It is the absence of the qualification that requires justification.
Why would the Lisp compiler do well on 'small' examples, like the C compiler does, but underperform it on 'larger' examples? Perhaps there are reasons to expect such behaviour but rather than answer a comp. sci. illiterate like me, if you really believe the authors of those papers have been making such serious errors I think you should write your own paper. And if you haven't got the time or inclination to do that, perhaps you could at least explain your criticisms to these fellows: http://books.google.com/books?id=8Cf16JkKz30C&pg=PA21&lpg=PA21 They appear to have used similar reasoning - toy examples and extrapolation - and it looks like they're embarking on a major project to make a better performing R-like system with Common Lisp. But if Lisp really doesn't scale up well, that could turn out to be a futile ambition and a horrible waste of time of course.
but with excerpts in #3 like: ... I can only guess that ... the performance penalty of Lisp must have been significant.

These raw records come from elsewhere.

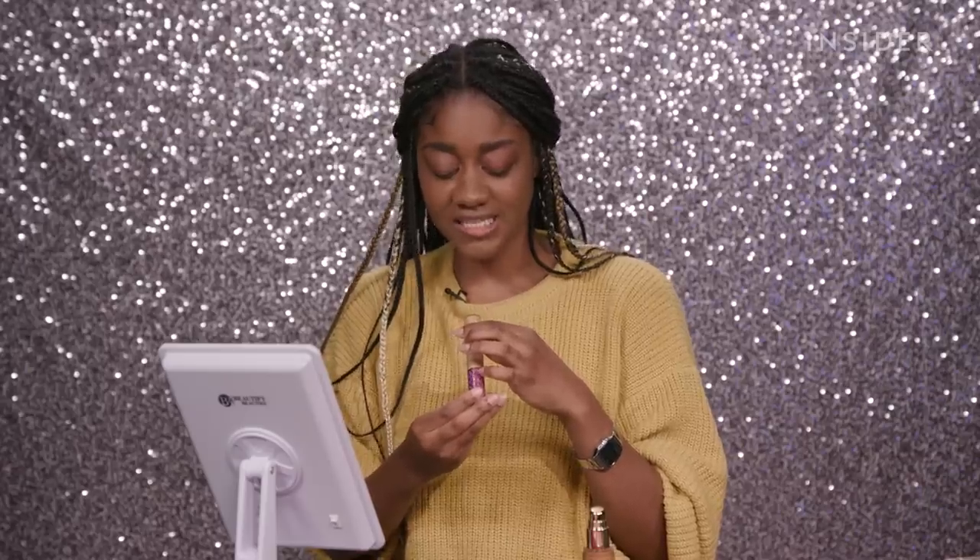I'm using the Shape Tape in Tan Deep Sand. The color match is really good, which I wasn't expecting — I grabbed it kind of randomly, it looked okay, and in the tube it's a different color, but on my skin it looks a lot better than I was anticipating. It feels good. It's pretty.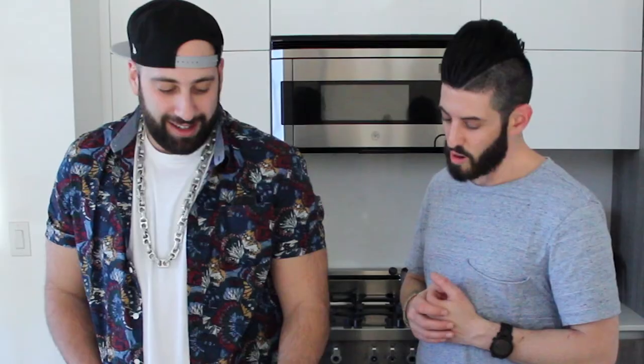We have water boiling. We're gonna take this elbow macaroni and throw it in this pot of boiling water. Do you know why they call it elbow macaroni? F***.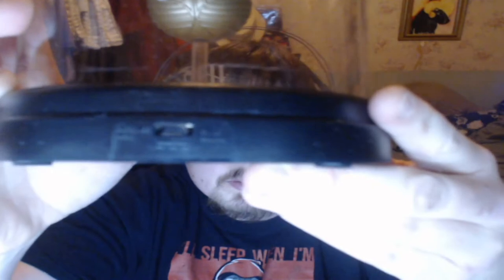Let me just pull all of this out. It just slides out this way, like that. I believe this is a touch sensitive one. On the back you've got the little slot where the USB thing goes into.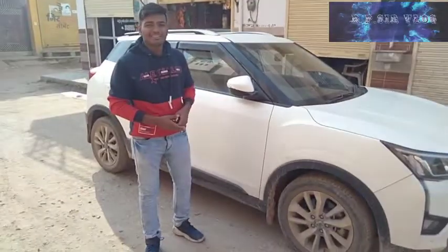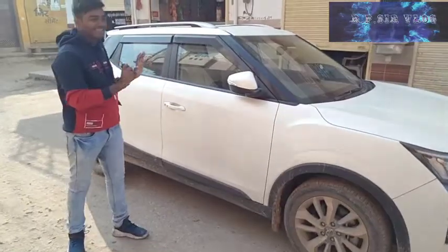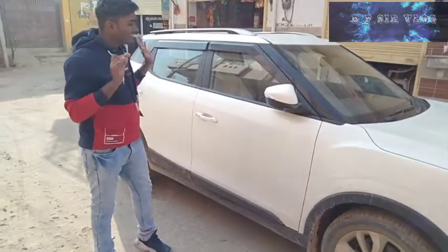Hello guys, back to my YouTube channel RPSRVLONG। आज हमने एक नई कार खड़े दिये — XV300।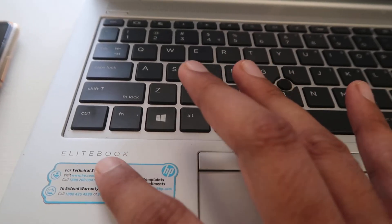The fn key light is on. I'm Gogi from How To Do It. Today we're going to talk about how we can easily switch off the fn key light of our HP laptop if we are facing any kind of problem and are not able to use the laptop properly — keyboard functions are not working properly.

Our QPX search engine is engineered for speed, speeds that must not be lower than using C and where huge amounts of data must not be bigger than packing them in C structs. Still, QPX is very complicated, and driven by individuals who write large bodies of code. Lisp allows us to define a wide variety of abstractions to manage the complexity, and at the same time we get the speed we want. Once QPX is compiled, one cannot easily tell the machine code from the machine code compiled from C.
(from the other ITA link)
Of course you may have guessed right about ITA's case anyway (and undoubtedly there do exist situations in which Lisp is inadequate for performance reasons - even C is sometimes) but whatever the reasons ITA have for using C and Java as well, there are no similar excerpts in #1 or #2 (or in other examples) and it seems to me they are hardly 'toy' examples.
I am not trying to knock Lisp
Sure - you're just knocking the papers I linked to - and it seems to me that is just as well considering there are at least some anecdotal 'real world' counter-examples to your Lisp performance worry stemming from your (possibly justified) criticism that extrapolation from those papers' findings is, at least logically, invalid. I have always found Lisp easily adequate performance-wise for my own use - but that's just anecdotal too of course.